In 2016 Ara Irititja became an Aboriginal Corporation – Ara Irititja Aboriginal Corporation (AIAC). AIAC ‘s inaugural members were other Aboriginal organisations across the Lands including the Pitjantjatjara Council, PY Media, PY Education Committee, NG Media and Indigenous Remote Communications Association (IRCA). In 2020 the project came under the umbrella of Anangu Pitjantjatjara Yankunytjatjara (APY) so is now administered by that organisation and directed by its Board.
Institutional partnerships across Australia
Ara Irititja has developed working partnerships with public institutions that have collections of archival and cultural material. It is this material that Anangu wish to be repatriated with the help of the Ara Irititja database. In some instances, Memorandums of Understanding have been developed. We liaise with and draw upon the archival resources of:
- South Australian Museum, Adelaide SA
- State Library of South Australia, Adelaide SA
- Museum Victoria, Melbourne Vic
- Lutheran Archives, Adelaide SA
- National Film and Sound Archive, Canberra ACT
- National Museum of Australia, Canberra ACT
- Australian Institute of Aboriginal and Torres Strait Islander Studies (AIATSIS), Canberra ACT
- Strehlow Research Centre, Alice Springs NT
- APY Umuwa
As an integral component of the partnerships with the State Library of SA, SA Museum, National Museum of Australia, and National Film and Sound Archive, Ara Irititja staff and Anangu consultants have been contracted to assess archival material and establish protocols for cultural sensitivities within the institutions’ collections. This process identifies valuable material that is sometimes inaccessible to Anangu.
In 2006, Ara Irititja began a partnership with University of Melbourne, School of Art History, Cinema, Classics and Archaeology to collaborate on IT and art history projects.

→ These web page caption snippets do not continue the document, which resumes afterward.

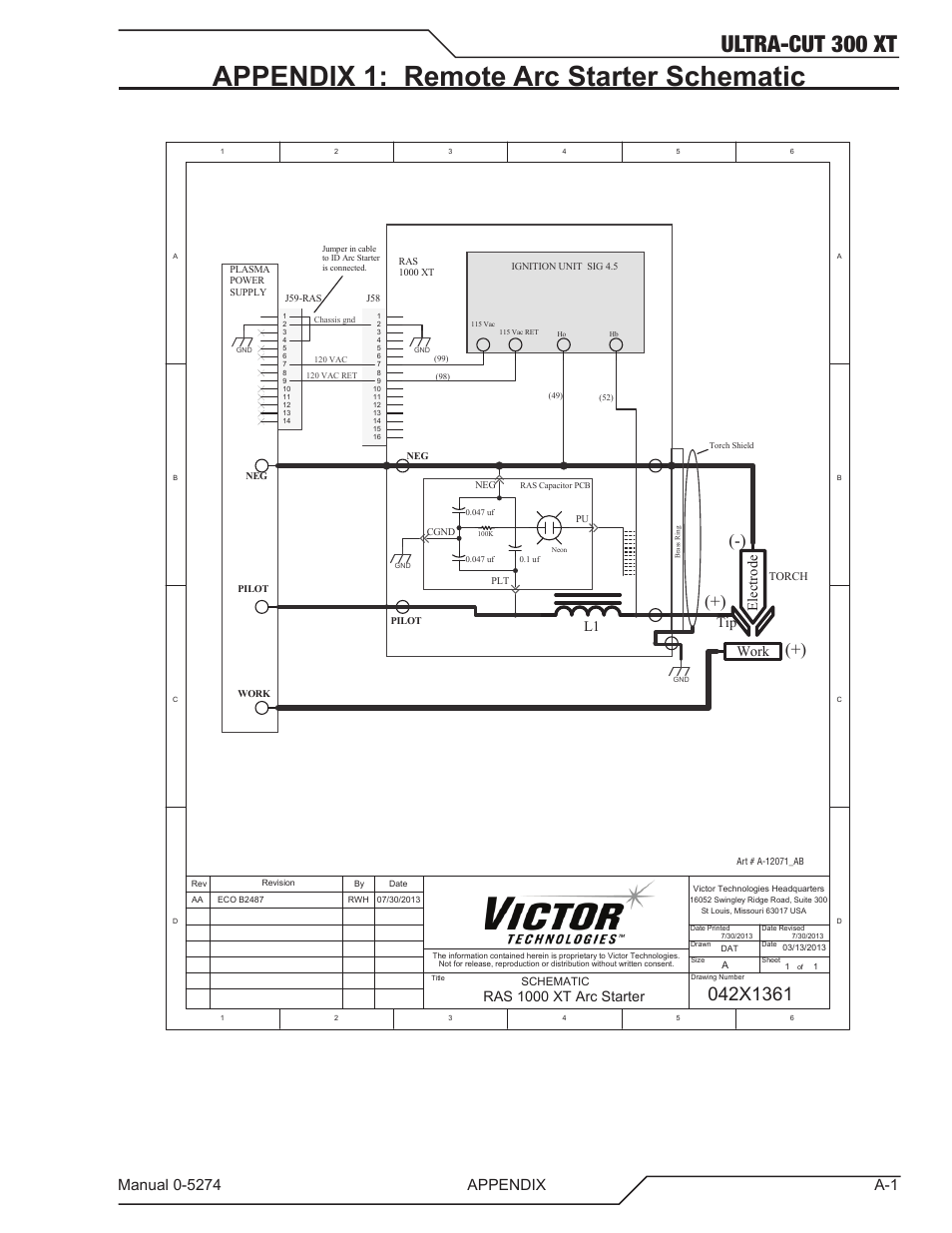 Appendix 1: remote arc starter schematic, Ultra-cut 300 xt, Ras 1000 xt arc starter | Work tip ele ct ro de | Tweco 300 XT Ultra-Cut Plasma Cutting System User Manual | Page 107 / 188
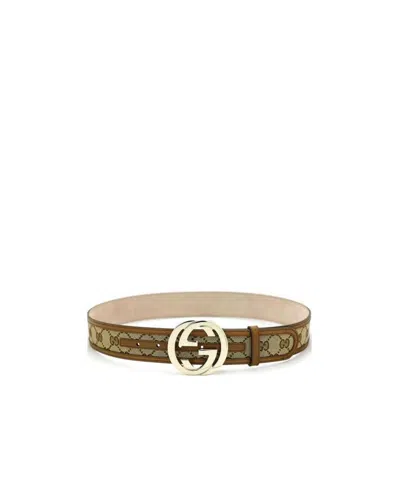 Gucci Gg Jacquard Belt In Green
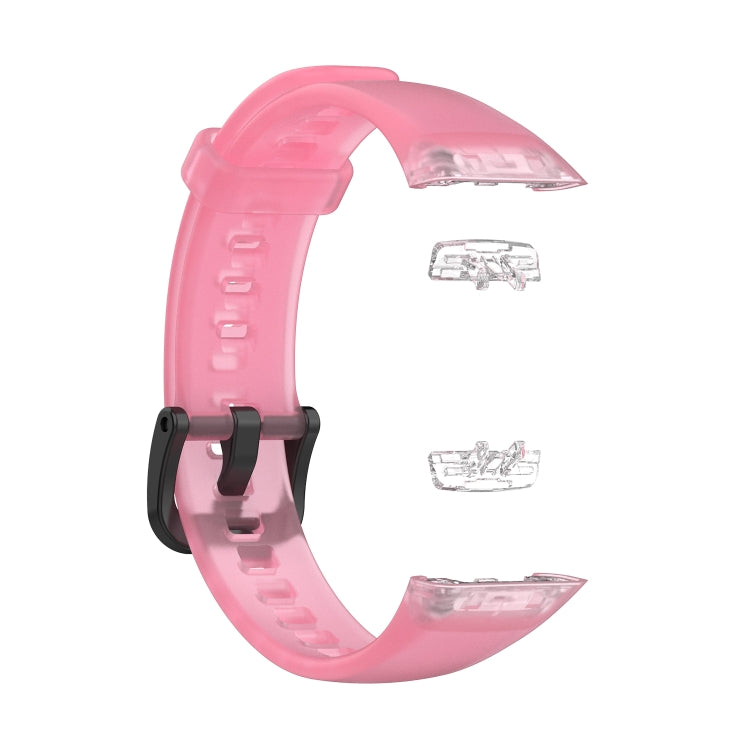 For Honor Band 7 Transparent TPU Watch Band(Pink) by buy2fix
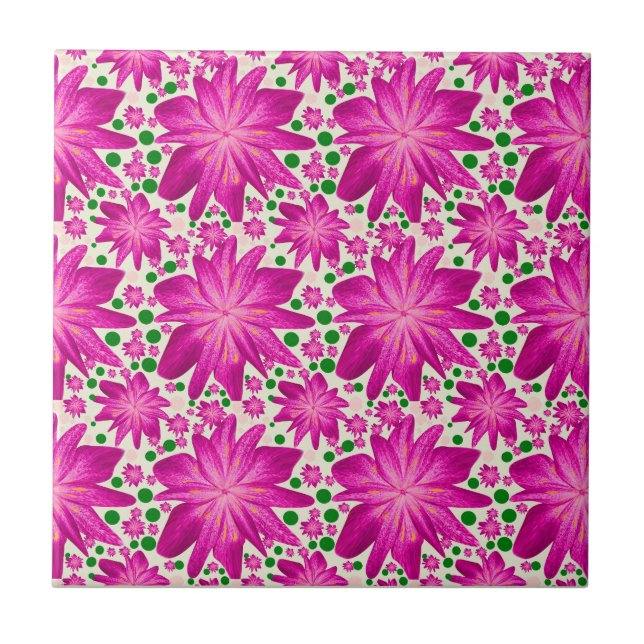 Carreau Motif floral rose chaud sans couture (Devant)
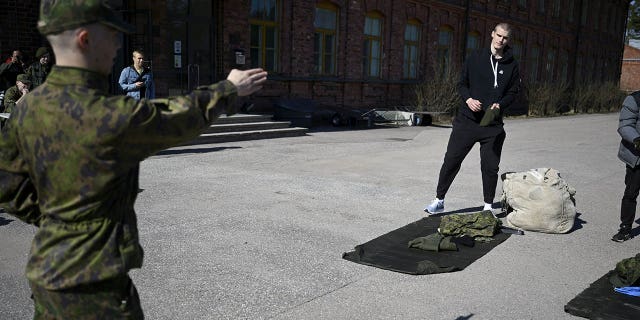 Lauri Markkanen reports to the Finnish Defense Forces Sports School in Helsinki, Finland, April 17, 2023.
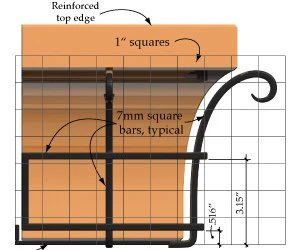 36-Inch Flared Antique Copper Window Box with Scrolled Frame - Image 9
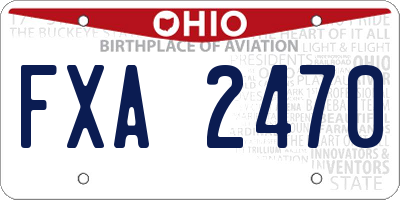OH license plate FXA2470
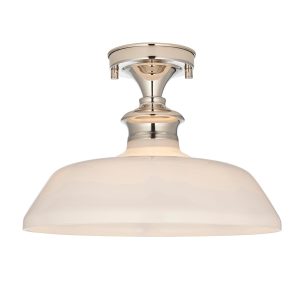 Endon Barford semi flush ceiling light in polished nickel with opal glass main image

Further to the Northern Territory Library’s purchase of multiple Ara Irititja licences for their community libraries across remote parts of the NT, Ara Irititja and NTL worked together in 2007 and 2008 to transform the old FileMaker based software to a browser-based platform. The NT Library has established a very successful LKC (Libraries and Knowledge Centres) program using the Ara Irititja software, named ‘Our Story’. For this program, the Library achieved the $1.24 million ‘2007 Access to Learning Award’ by the Bill and Melinda Gates Foundation.
During the development of Ara Irititja, the value of collaborative partnerships has been clearly recognised. Mutually beneficial projects have been commenced and these directions are being followed by Ara Irititja:
- Facilitating APY elders (men and women) to advise cultural institutions such as AIATSIS, State Library of SA, SA Museum, National Museum of Australia, Strehlow Research Centre and the National Film and Sound Archive about the identity of and any cultural sensitivities within the material held by these institutions.
- Consolidating existing and pursuing new partnerships with Australian public collecting institutions.
- Pursuing joint projects and funding applications in already established partnerships, such as University of Melbourne, the Northern Territory Library and the State Library of SA.
- Working collaboratively with institutions for the repatriation of publicly-held family and cultural archival material (including men’s restricted and women’s restricted) to the Ara Irititja database.
- Working collaboratively with cultural institutions to increase public awareness of Indigenous culture, including presentation and exchange of culture at workshops and conferences.